Twenty Tasmanian campaigners speaking out against Gunns Ltd, the Tasmanian woodchip company, are being sued for almost $6.4 million. They are accused of conspiracy and interference with trade and business.
The 216-page writ was filed in the Victorian Supreme Court on 14th January and targets outspoken environmentalists including Peg Putt, Alec Marr, Geoff Law and Bob Brown. EMA Legal will represent Gunns in their challenge to free speech on the environment.
Tying up their key critics in court for a year or two could be all Gunns want. It could give them the needed breathing space to go on with plans unchallenged. Litigation is extremely expensive, but it is also tax deductible – Gunns posted a $107 million profit last year. They may not expect to win the case, but it’s a taxpayer subsidised way of stymieing their critics.
The Federal election gave this company the political environment it needed to expand its plans. It is intending to build a huge pulpmill in Tasmania (see article “Gunns pulpmill fast-tracked“) and could also be moving into Victoria’s forests. Might they want a clear path to continue their clearfelling and woodchipping plans without public criticism?
Well, we don’t want them in Victoria, and we will continue to say so. We will work to keep Gunns out of East Gippsland’s forests, even if twenty lawyers a-leaping turn up on our doorstep.

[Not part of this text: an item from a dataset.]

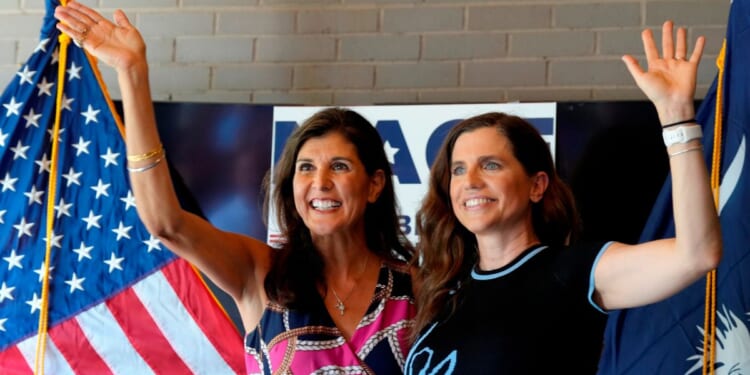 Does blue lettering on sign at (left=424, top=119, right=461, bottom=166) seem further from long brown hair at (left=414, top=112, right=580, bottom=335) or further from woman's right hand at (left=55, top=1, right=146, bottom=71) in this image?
woman's right hand at (left=55, top=1, right=146, bottom=71)

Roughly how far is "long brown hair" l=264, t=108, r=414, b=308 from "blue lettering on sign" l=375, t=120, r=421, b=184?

It seems that such operators care little for public opinion. Having scraped bare and burnt much of Tasmania’s forested landscape, they now claim that a group of people pointing to their atrocities could do more damage to their image than their own deeds – out there for all to see.
Detailed scrutiny of the company’s activities will be bad for its public image even if it wins the litigation.
Recently, the two British campaigners who were sued by McDonalds had a win. The epic “McLibel” case began when McDonalds sued a couple of low income campaigners for defamation of the company. Not only did it lose McDonalds a lot of public goodwill and sales over the two years the case was in court, but in February the European Court of Human Rights found that the two defendants did not get a fair trial and ordered compensation of $58,000 from the British Government. The decision may force a review of British laws on legal aid funding, libel and free speech.
Many US states have made laws punishing companies which used the courts in this way as they realise that not all litigation was about a legitimate grievance.
Gunns’ front man, John Gay, may not want advice from greenies, but here it is anyway; if he’s trying to convince the world what a caring sensitive company he runs, bludgeoning citizens with a giant lawsuit isn’t the way to do it.